Find "etgmantap09.com" in the material below, then write out that line and every line after it exactly, ending with the last one; skip the pictures.

### Collected data:
+ + + + +

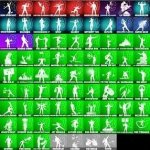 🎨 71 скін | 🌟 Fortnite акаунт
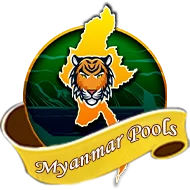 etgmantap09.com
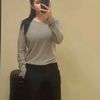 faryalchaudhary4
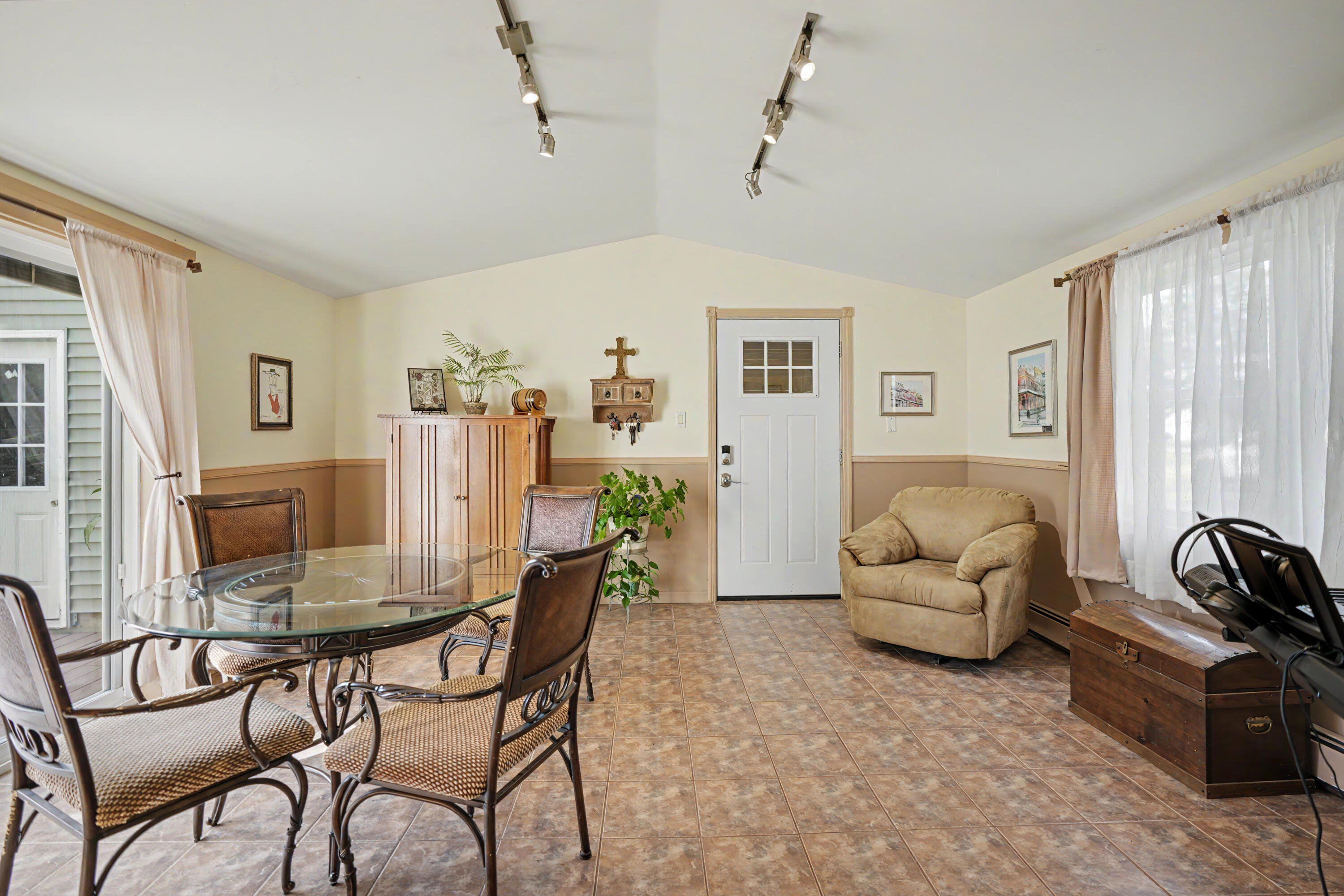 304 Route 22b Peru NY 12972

+ + + + +

### Written response:
 etgmantap09.com
 faryalchaudhary4
 304 Route 22b Peru NY 12972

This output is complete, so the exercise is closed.